━━━ Input ━━━
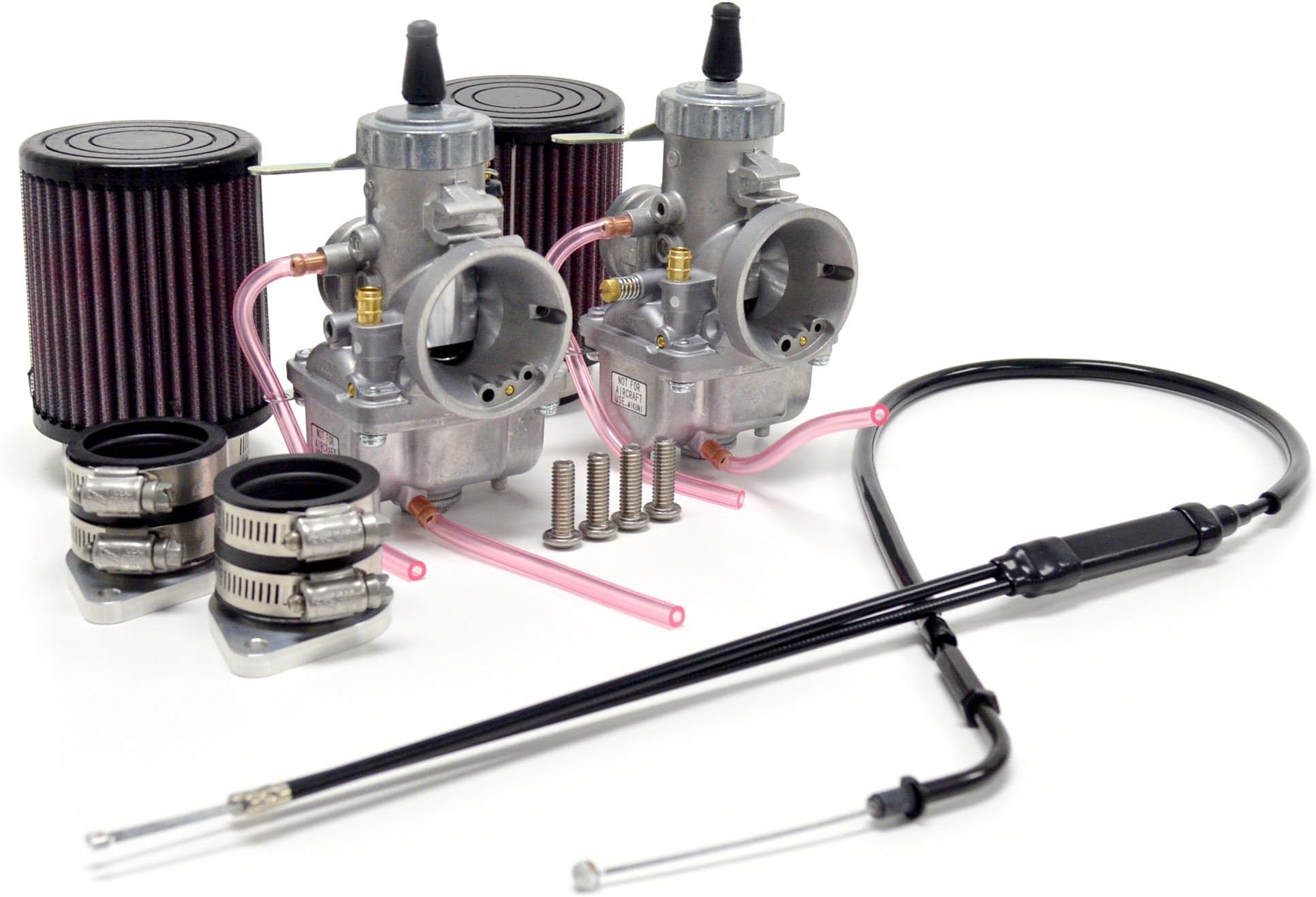 Mikuni 34mm VM34 Round Slide Carburetor Conversion Carb Kit for Yamaha XS650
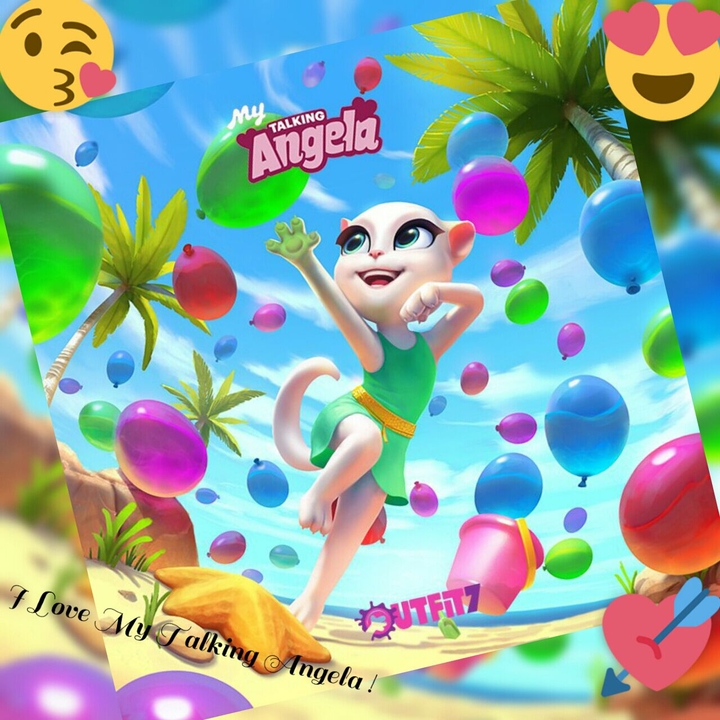 Bubbles and Angela Talking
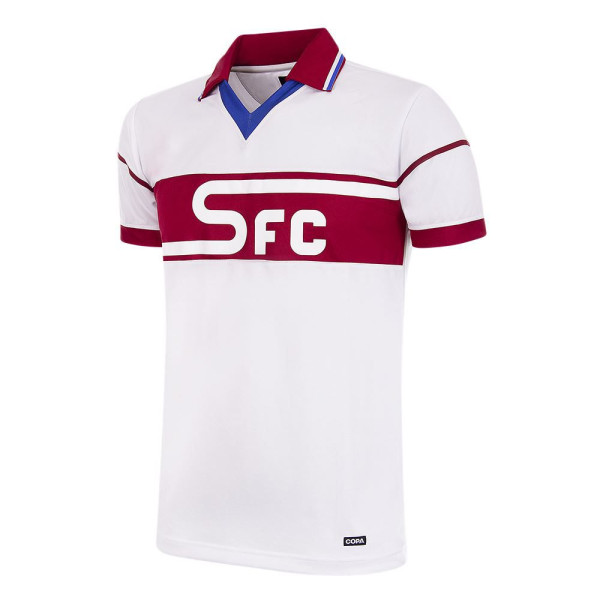 Servette FC 1979 - 84 Fussball Retro Trikot | Servette FC 1979 - 84 Retro Shirt | Servette FC 1979 - 84 Retro Trikot | Servette FC 1979 - 84 Vintage Shirt | Servette Football Club Genève 1890 Trikot alt | Servette Genf | Servette Genf 1979 - 84 Vintage Tr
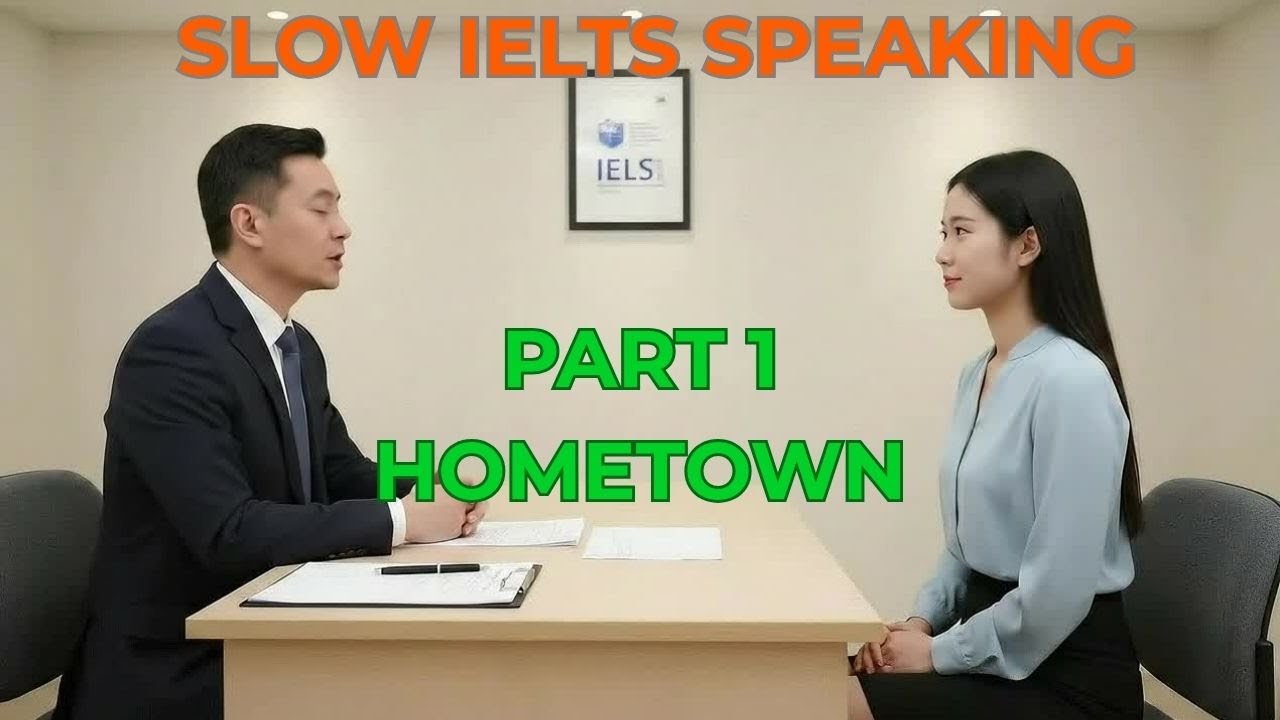 IELTS Speaking Band 9 | Full Part 1 Sample: Hometown | Native-Like ...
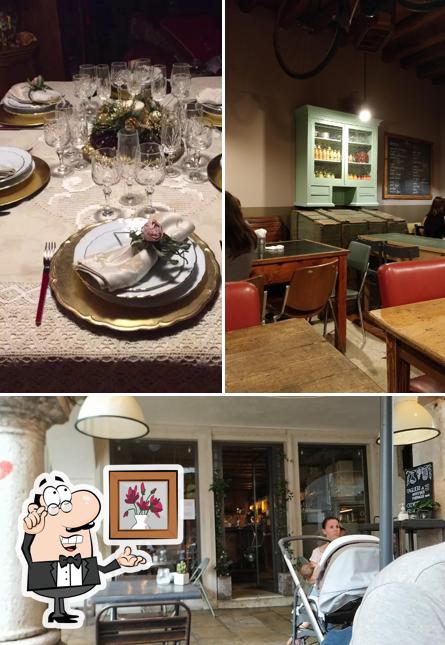 Siediti a un tavolo di Officina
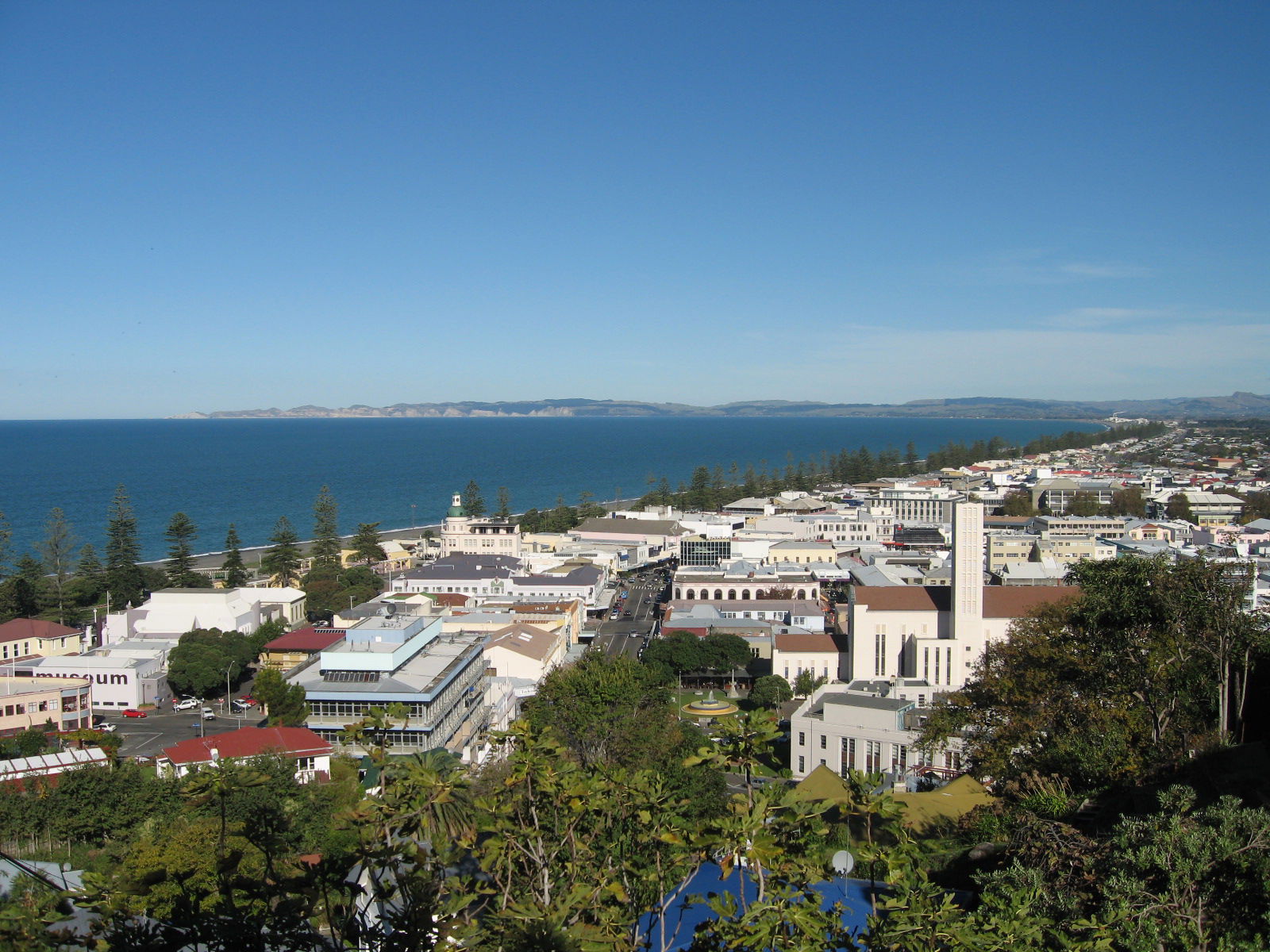 Taken from the walkway between Brewster Street and Onslow Road.…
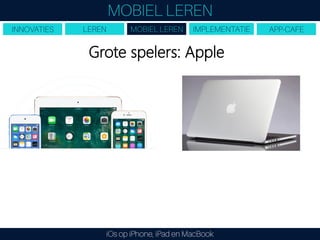 Grote spelers: Apple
━━━
Write out the records above in full and exactly, with no pictures.

 Mikuni 34mm VM34 Round Slide Carburetor Conversion Carb Kit for Yamaha XS650
 Bubbles and Angela Talking
 Servette FC 1979 - 84 Fussball Retro Trikot | Servette FC 1979 - 84 Retro Shirt | Servette FC 1979 - 84 Retro Trikot | Servette FC 1979 - 84 Vintage Shirt | Servette Football Club Genève 1890 Trikot alt | Servette Genf | Servette Genf 1979 - 84 Vintage Tr
 IELTS Speaking Band 9 | Full Part 1 Sample: Hometown | Native-Like ...
 Siediti a un tavolo di Officina
 Taken from the walkway between Brewster Street and Onslow Road.…
 Grote spelers: Apple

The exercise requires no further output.